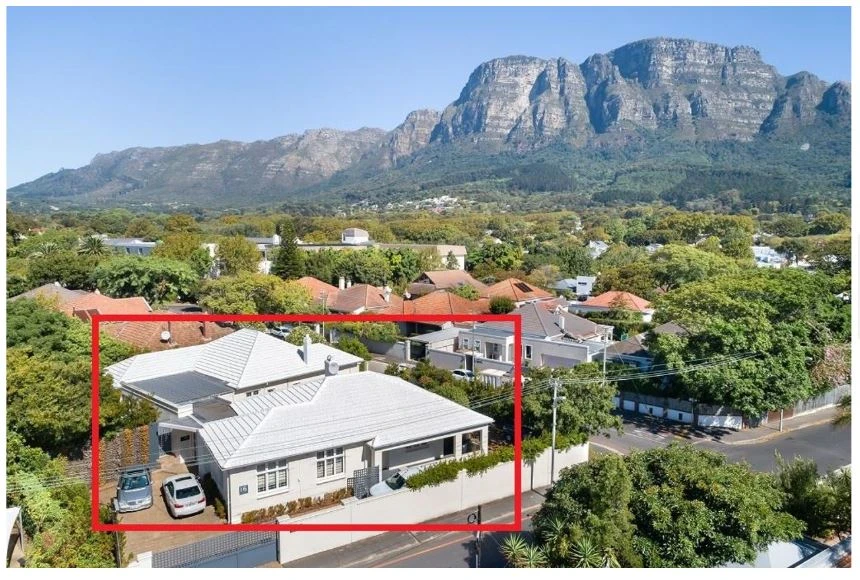 Mountain View 6 Bedroom House For Sale in Newlands
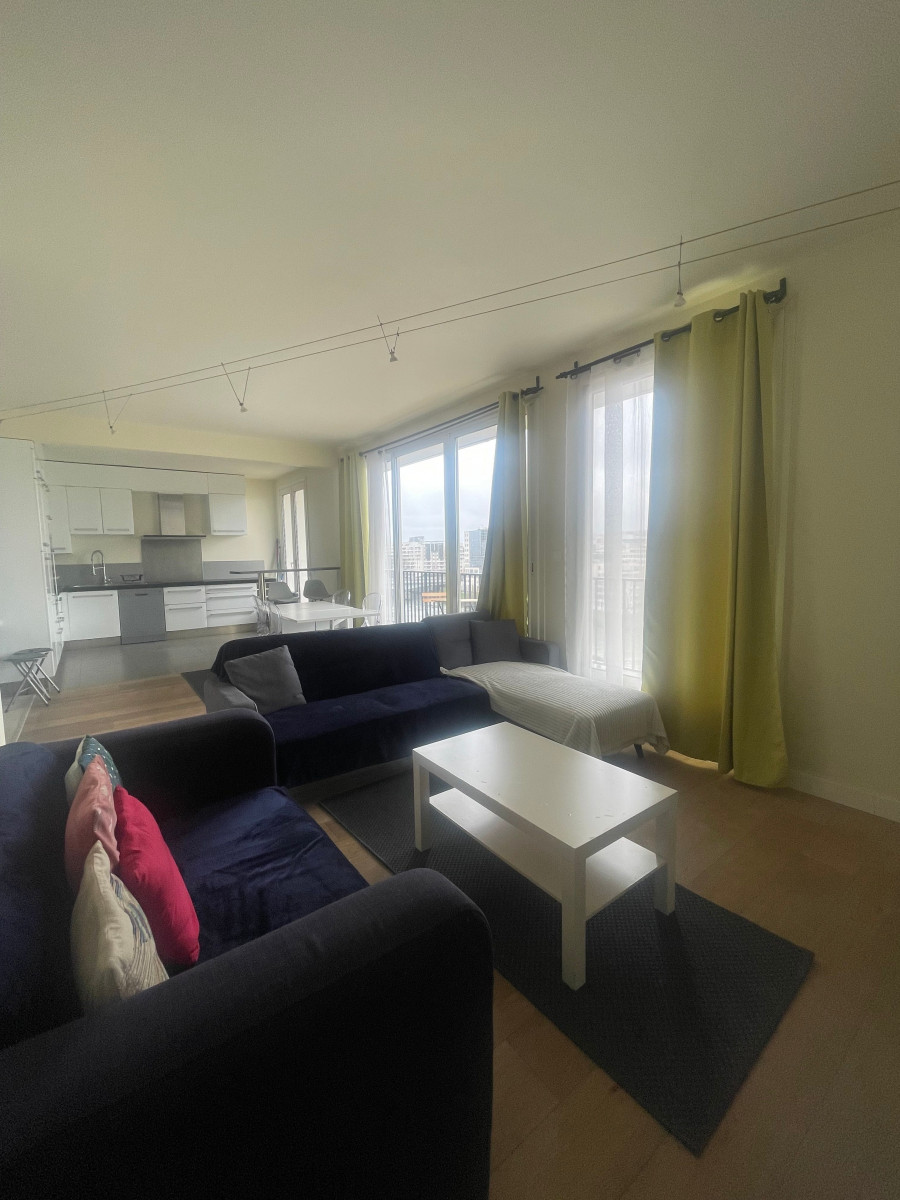 
                                                Location
                                                 Appartement très bien situé à 6 min de la tour Eiffel (loyer tout inclus)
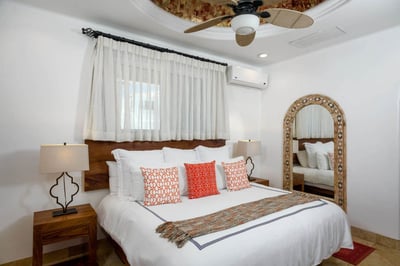 Luxury Villa Photo #32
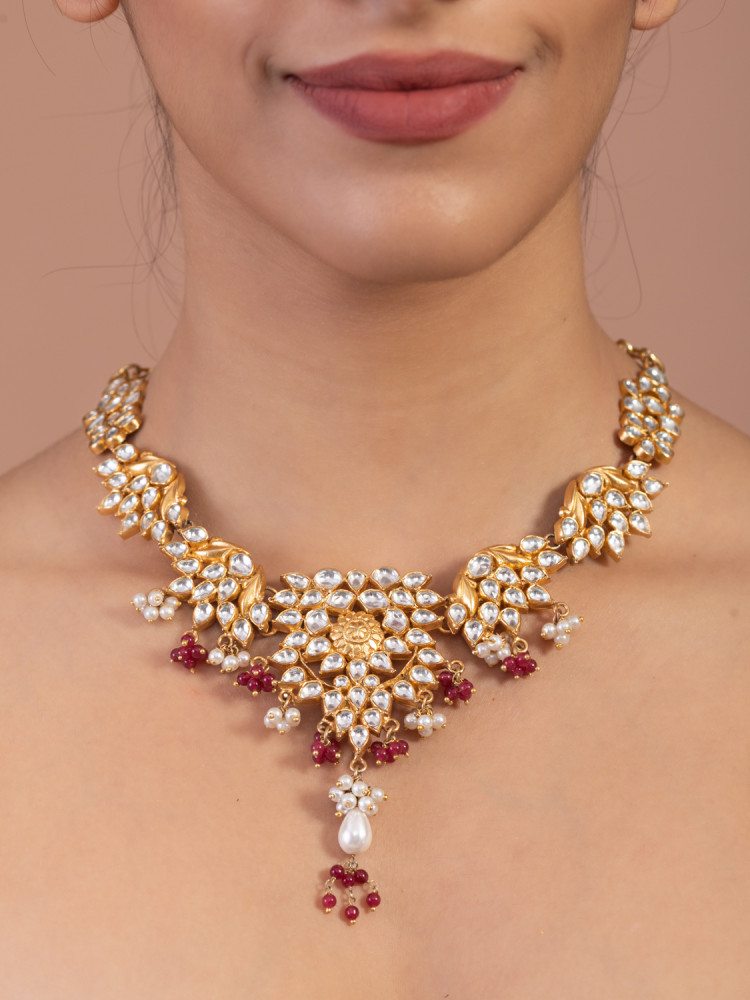 GLITTERING NECKLACE WITH PEARLS AND RED BEADS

□ □ □ □

== GOAL OF THE EXERCISE ==
What you write should match the entries exactly, except that the pictures are dropped.

== EXERCISE RESPONSE ==
 Mountain View 6 Bedroom House For Sale in Newlands
                                                Location
                                                 Appartement très bien situé à 6 min de la tour Eiffel (loyer tout inclus)
 Luxury Villa Photo #32
 GLITTERING NECKLACE WITH PEARLS AND RED BEADS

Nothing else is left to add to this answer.